Did you ever feel that a “Like” button on Facebook just isn’t good enough?

Me too. We need more choices.

How about “Like,” “Meh” and “Dislike”? That just about covers it, right?

It works for my latest column gimmick, at least, going over pop culture of 2013:

the return of the hulk in a normal capacity is enough to get avengers fans excited

LIKE
The Avengers
There wasn’t a movie that scared or excited me over the last decade as much as Avengers did. I was sure — I was positive — they were going to screw it up and ruin one of my favorite comic books. Which in turn would ruin one of my favorite writer/directors, Joss Whedon. Which in turn would ruin one of my favorite movie franchises. With too much on the line for it to possibly live up to my expectations, I waited about a month to see it I was so scared. Then? It surpassed my expectations, was everything I always wanted an “Avengers” movie to be and left a smile on my face for a week. It’s also worth noting that Avengers: Earth’s Mightiest Heroes will be in my top 10 TV shows of the year.

Michelle Williams
I think I’m starting to get worried about her. As much as I love how she takes chances and signs on for roles from which other actresses would run screaming … can’t she just do one bland rom-com to keep her sanity? She’s up for my female performance of the year in Take This Waltz, just like she was two years ago in Blue Valentine and last year in My Week with Marilyn, but can’t the poor girl just take one movie off and do a screwball comedy or something, one where she doesn’t end up crying, divorced and alone? Somehow she’s never mentioned as one of the best actresses in Hollywood, and I have no idea why.

who's funnier, dalia ...

... or lisa? i flip-flop every week.

Suburgatory
TV’s most under-appreciated comedy hasn’t put out a bad episode yet this season and has found its stride with a really good formula and a slew of hysterical secondary characters.

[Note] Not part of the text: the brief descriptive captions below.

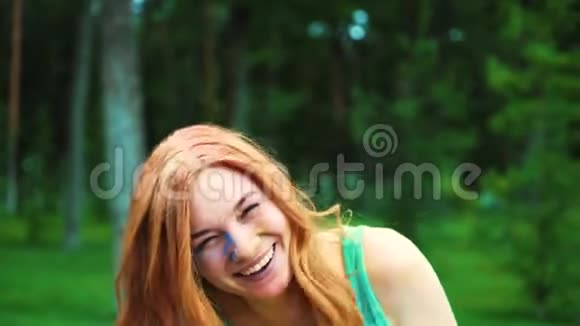 霍莉笑着看镜头后红头发的年轻女人闻到了五颜六色的粉末视频的预览图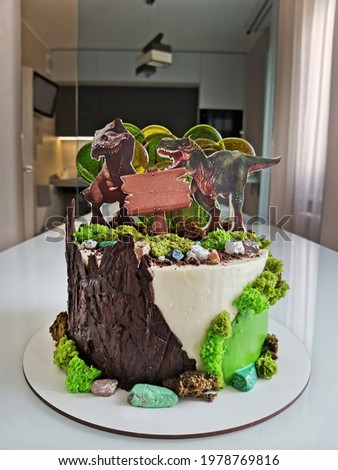 Two stylized dinosaur figures decorate a sweet cake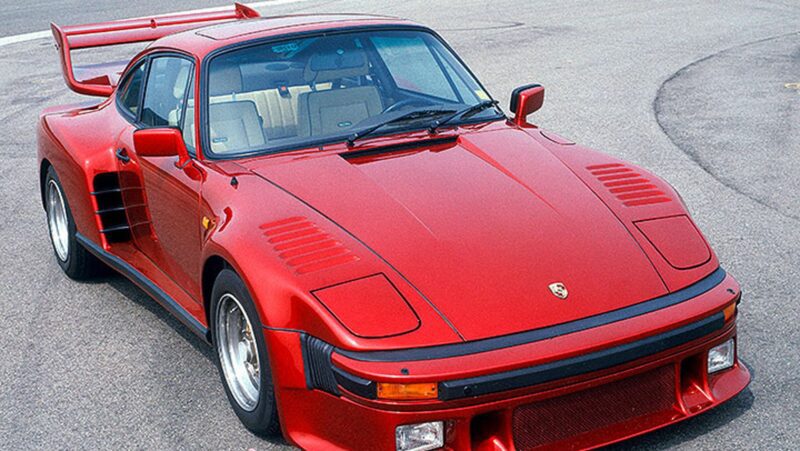 A red classic Porsche sports car with a large rear wing, likely inspired by exclusive customer requests, is parked on a paved surface.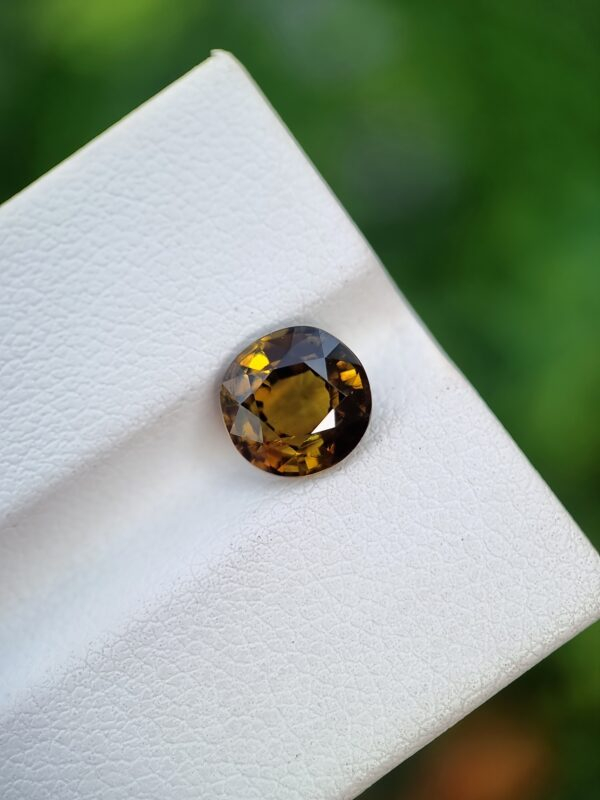 A photo of a loose faceted Epidote gemstone with a greenish-orange color and oval shape from Pakistan | 1.99 ct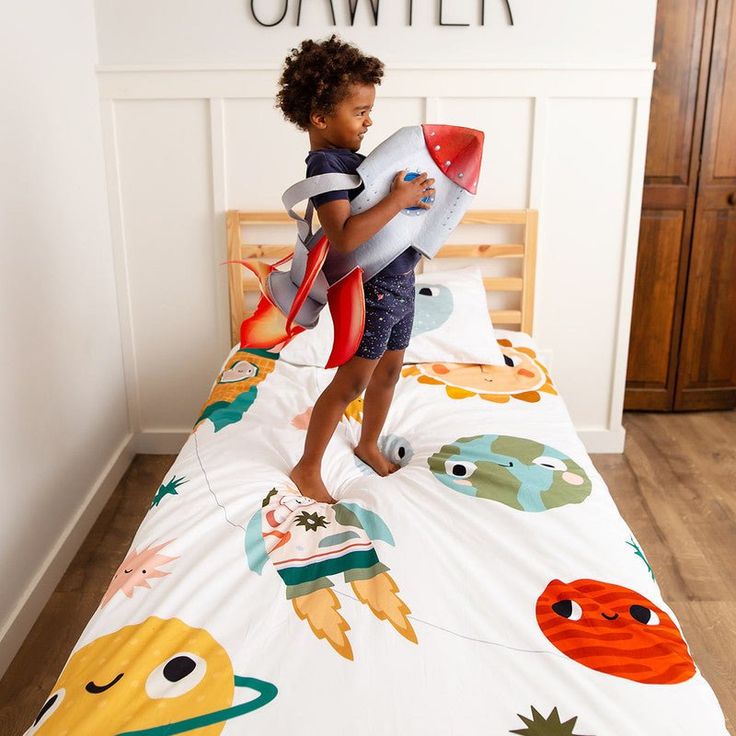 a little boy standing on top of a bed holding a toy rocket and looking at the camera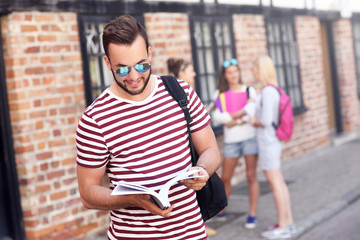 Fototapeta premium Group of happy students studying outdoors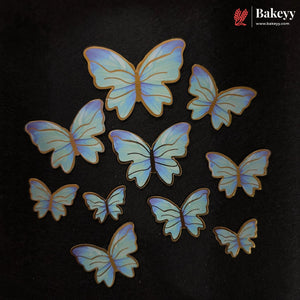 Nine iridescent blue and purple butterfly-shaped cake toppers with gold edges, arranged on a black background. The Bakeyy brand logo is visible in the top right corner.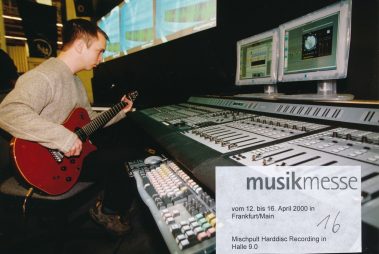 Das Bild zeigt einen Mann, der eine rote E-Gitarre spielt, während er vor einem großen Mischpult sitzt. Im Hintergrund sind zwei Monitore mit Audioprogrammen zu sehen, die den Aufnahmeprozess anzeigen. Die Szene hat auf einer Messe stattgefunden zu haben, genauer auf der Musikmesse vom 12. bis 16. April 2000 in Frankfurt am Main, wie die eingeblendete Beschriftung angibt. Das Setting zeigt eine Präsentation von Mischpulten und Harddisc-Recording-Technologie in Halle 9.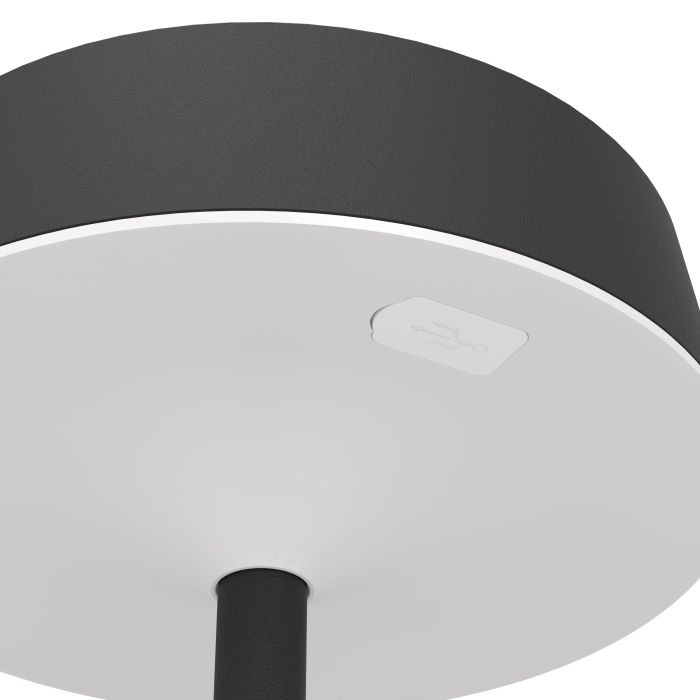 Nahaufnahme einer weiß-schwarzen Lampe. Ein USB-Anschluss ist auf der Unterseite sichtbar. Schwarzer Ständer unten.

After feeling its way through its first season with questionable guest stars (Alicia Silverstone immediately goes back into cryogenic freezing when I take over the world) and meandering plots, the show is now set up for at least the rest of this season with juicy, interesting, character-driven stories that might seem like hacky stunts (reuniting with a long-lost mom, adoption lies, etc.) but actually are heartfelt and, most importantly, funny. ABC’s Tuesday night comedies Happy Endings and Don’t Trust the B—- in Apt. 23 can be filed in this category, too.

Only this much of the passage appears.